1. intention or purpose.
2. resolved or determined to do (something).
3. (esp. of a look) showing earnest and eager attention.
I picked up Kor and we headed to Hacklebarney Park. two to three days a week, this had become part of our personal ritual. Kor was someone who I met via a lover, but our friendship quickly eclipsed that relationship in its importance. He taught Kung-Fu and Tai-Chi at a local martial arts studio and had a good time living life in a way that I always envied. He was always in perpetual motion, with 2 to 15 plans/scams/otherwise unspecified goings on, up in the air. Yet that wasn’t what our time together was about.
I am excellent at doing nothing; or more accurately I am an excellent person to hang out with if you can never sit still. I lend myself towards books being read under trees, coffee at the kitchen table and long walks with no goal in mind. I think the part I played for Kor was quiet but necessary. My relationships have always been the one on one type, insular but passionate. What’s the point if it’s not passionate? Our friendship was a seperate thing from the rest of our lives, taking up morning before we got a chance to mess up the rest.
Kor and I drove out to the park, found a spot and began our trek down the path. There are a few paths but we normally took the steep rocky stairs down, across the little bridge and started parallel to the Trout creek. One day we decided to walk the creek bed instead and Kor showed me how to jump the slippery stones. It really wasn’t any kind of fair, he practiced Kung-Fu and taught Tai-Chi! He better have some balance…
He said it was all about intention, connecting one step to another without so much thinking, choosing and fear.He said you can’t fear the next step or what will happen if you miss it, you just have to take the leap and then the next. I went from wet feet to sure footing when I actually listened and took his advice. He knew I needed it this morning. Balance.
We ended up at the Black River where the creek met the deeper faster water, and hiked its banks until we found a spot that suited. We sat crossed legged in the sunshine and breathed in, breathed out and tried to find center. This is what we were good at together, the quiet places in between the breaths. My life was a mess, filled with fools and my own bad choices and it was beginning to wear on me. Center seemed so far away from where I was.
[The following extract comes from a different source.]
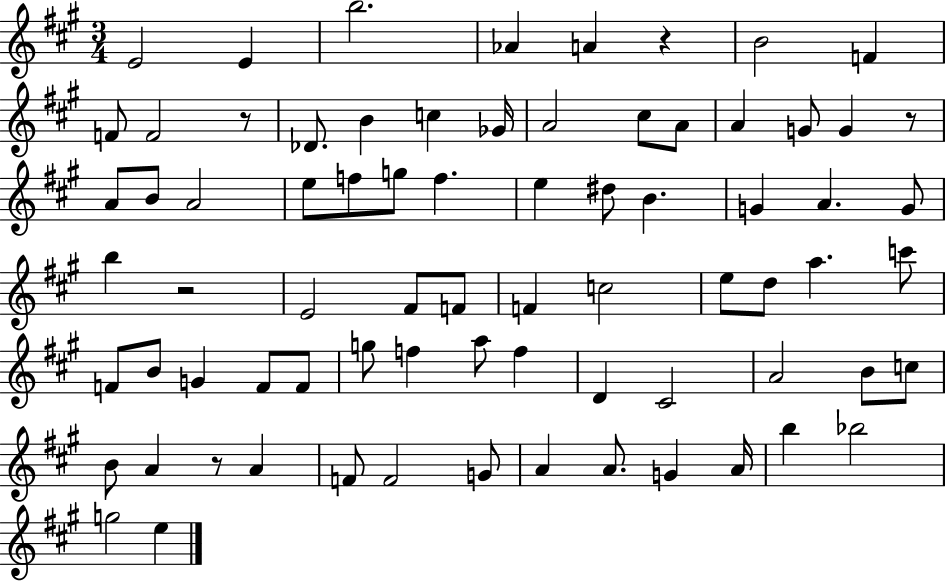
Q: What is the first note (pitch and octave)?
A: E4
I had just received an envelope with pictures of The Boy and a letter about what was going on up in Maine. They sent these packages regularly and I both longed for them and feared their coming. Pictures of naked kids in tubs out in the yard, pumpkin picking, and quiet moments at home. Words about milestones, dance classes and performances. The words and images crashed together inside of me like a tempest while I tried to breathe, tried to not worry about choices, my broken heart and the chains that bound me to a life I wasn’t a part of. I kept trying to breathe and leap without fear.